As you see when lifting the tunnel will also the virtual device:
ps -ef | grep openvpn
root 5976 1 0 12:39 ? 00:00:01 /usr/sbin/openvpn --config /etc/openvpn/server.conf
tun0 Link encap:UNSPEC HWaddr 00-00-00-00-00-00-00-00-00-00-00-00-00-00-00-00
inet addr:10.8.0.1 P-t-P:10.8.0.2 Mask:255.255.255.255
UP POINTOPOINT RUNNING NOARP MULTICAST MTU:1500 Metric:1
RX packets:9523 errors:0 dropped:0 overruns:0 frame:0
TX packets:10414 errors:0 dropped:0 overruns:0 carrier:0
RX bytes:1156752 (1.1 MB) TX bytes:4833017 (4.8 MB)
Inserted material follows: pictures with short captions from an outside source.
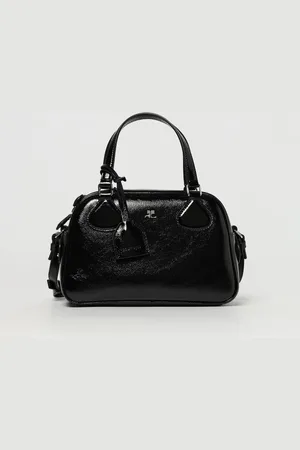 Courrèges Borsa A Mano COURRÈGES Donna colore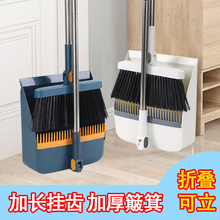 �ۯB�߰��������b�M�ϼ��������ˮ����մ�^�l�ߵ��������������P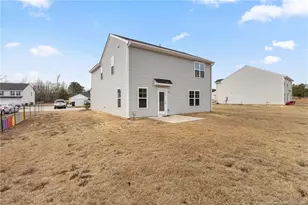 4993 Blue Springs Rd, Fayetteville, NC 28377 - Photo 33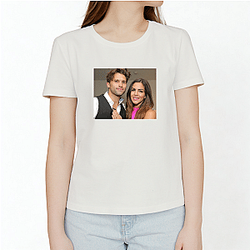 Katie Maloney Merch Katie Maloney T-Shirts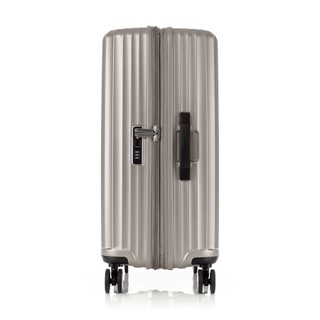 Vali kéo Samsonite Enow Spinner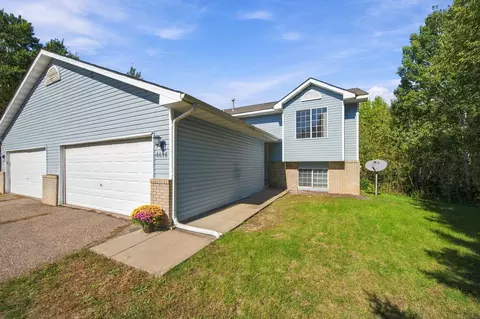 6696 381st St, North Branch, MN 55056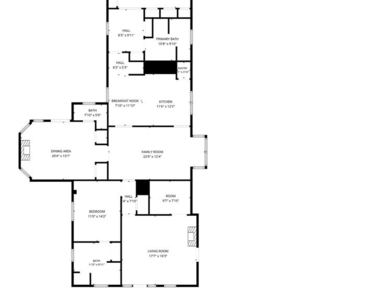 7406 Quaker Road - Photo Thumbnail 45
Now I only have to configure the OpenVPN client on my laptop. To do this I create the file pivoting.ovpn in C: \ Program Files (x86) \ OpenVPN \ config with the following configuration:
ifconfig 10.8.0.2 10.8.0.1
secret "C:\\Program Files (x86)\\OpenVPN\\config\\secret.key"
dhcp-option DNS 192.168.2.36
route 192.168.3.0 255.255.255.0 10.8.0.1
Note that I add a DNS to my choice and the path of the server network (192.168.3.0/24) for my Windows client to properly route the packets.
To finish I check that I reach the virtual interface of the tunnel and to a computer of the VLAN of servers:
C: \ Users \ vmotos> ping -n 1 10.8.0.1
Pinging 10.8.0.1 with 32 bytes of data:
Response from 10.8.0.1: bytes = 32 time = 1ms TTL = 64
Statistics of ping to 10.8.0.1:
Packages: sent = 1, received = 1, lost = 0
Approximate round trip times in milliseconds:
Minimum = 1ms, Maximum = 1ms, Average = 1ms
C: \ Users \ mado> tracert 192.168.3.12
Draw at 10.20.16.12 on paths with a maximum of 30 jumps.
1 1 ms 1 ms 1 ms SERVER 10.8.0.1
2 6 ms 2 ms 2 ms 192.168.2.1
3 2 ms 2 ms 2 ms 192.168.3.12
And that's it! I am already pivoting through the monitoring server through the VPN tunnel.
that the server in this example is legally managed. If we compromise a server, we obtain access as root and we want to use openvpn for vpn pivoting, we must also think about using some rootkit or other techniques to hide at least the virtual interface and the process.